Il relève vivement la tête.
— Tu as tout pigé, hein, cap’taine, il fait en souriant gentiment.
— Je crois.
— Alors vas-y, on te fait passer un test !
Je souris à mon tour.
— Je pense que tu l’aimes. Vraiment, je veux dire. Et que tu as envie de l’emmener.
— Pas loin du mille… En fait c’est tout simple, mon vieux. Cette fois j’ai envie de faire une fin. Explique ça comme tu pourras, moi j’y ai renoncé. En tout cas je ne peux pas envisager, maintenant, de vivre sans elle. Je veux l’épouser.
— Tu sais bien que sur Vaha le mariage n’existe pas.
— Tu as très bien compris ce que je voulais dire. Bien sûr, j’ai compris. C’est même pourquoi je me mets à arpenter la chambre, allant de la fenêtre étroite qui donne sur la partie arrière du parc, jusqu’à la cheminée de l’autre côté. J’ai souvent vu Giuse amoureux, enfin souvent non, mais disons que je l’ai vu. Mais jamais comme ça. Leur comportement à tous les deux m’a souvent touché. Aucune niaiserie, tout est naturel chez eux. S’ils se touchent la main ou le bras, c’est qu’ils avaient besoin, foncièrement besoin, de ce contact. Comme nos batteries doivent être exposées au soleil direct pour se remplir. Aussi simple !
— Et… ensuite ?
— Tu veux dire si on réussit à quitter Vaha ? Oh j’y ai pensé aussi. Je reviendrai la chercher. Ne me dis pas qu’elle ne supporterait pas notre vie, je le sais… et je n’ai pas trouvé de solution. Mais je sais que je reviendrai !

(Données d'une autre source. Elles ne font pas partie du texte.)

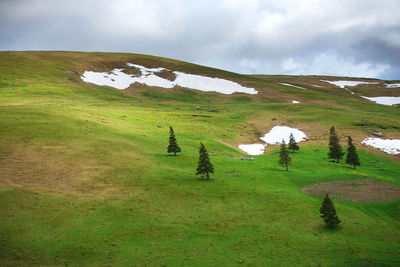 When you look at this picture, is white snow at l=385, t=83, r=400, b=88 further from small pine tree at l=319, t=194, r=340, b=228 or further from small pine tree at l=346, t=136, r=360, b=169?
small pine tree at l=319, t=194, r=340, b=228

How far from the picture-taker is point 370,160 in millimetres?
57719

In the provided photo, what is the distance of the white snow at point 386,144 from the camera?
202 feet

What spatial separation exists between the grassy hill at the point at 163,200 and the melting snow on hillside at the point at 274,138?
2.81 meters

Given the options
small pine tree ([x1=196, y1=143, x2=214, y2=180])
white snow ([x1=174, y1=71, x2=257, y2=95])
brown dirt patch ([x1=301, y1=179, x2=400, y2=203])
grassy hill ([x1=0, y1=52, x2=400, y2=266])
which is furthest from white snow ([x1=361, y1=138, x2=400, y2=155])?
white snow ([x1=174, y1=71, x2=257, y2=95])

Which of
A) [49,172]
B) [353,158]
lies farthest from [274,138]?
[49,172]

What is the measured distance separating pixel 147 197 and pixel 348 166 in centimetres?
3746

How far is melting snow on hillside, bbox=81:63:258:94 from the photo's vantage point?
374 feet

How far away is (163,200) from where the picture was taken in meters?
32.1

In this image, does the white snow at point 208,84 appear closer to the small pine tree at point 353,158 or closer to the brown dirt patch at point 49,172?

Pas besoin d’en faire des kilomètres, il l’a bien compris. Il s’exprime simplement sans élever la voix.
Assis près de la porte, Lou et Siz nous regardent gravement.
Je ne veux pas envisager de perdre Giuse. Vivre seul n’est plus dans mes forces. Je ne sais pas ce que je ferai si jamais on peut quitter Vaha et forcer le blocus des enfoirés de Loys. Ce genre de situation a toujours été plus ou moins encourue. Il n’y a rien à dire pour l’instant.
— O.K., je fais. Siz, tu vas chercher Tava ?
En l’attendant, on ne dit pas un mot, chacun perdu dans ses pensées. Pas drôles, drôles.
Elle entre, charmante dans une longue robe romantique. Je comprends que Giuse en soit amoureux fou.
— Il se passe quelque chose ? elle fait tout de suite. Giuse va à elle et lui prend la main qu’il caresse doucement. Je comprends qu’il me laisse la parole.
— Nous sommes tous identifiés par les Bellis, Tava. Je l’ai appris aujourd’hui même. Tous, depuis Bénis.
Elle devient très pâle et se tourne vers Giuse.
— C’est à cause de moi, n’est-ce pas ? Oh, je suis désolée, tu sais. Je vous ai fait beaucoup de mal.
Il sourit lentement.
— Effectivement, tu nous as fait un mal considérable. Simplement moi, par exemple, à cause de toi je suis amoureux !
Elle ne sait d’abord quelle conduite adopter et me regarde, hésitante. Alors je lui souris aussi.
Elle ferme un instant les yeux et respire profondément.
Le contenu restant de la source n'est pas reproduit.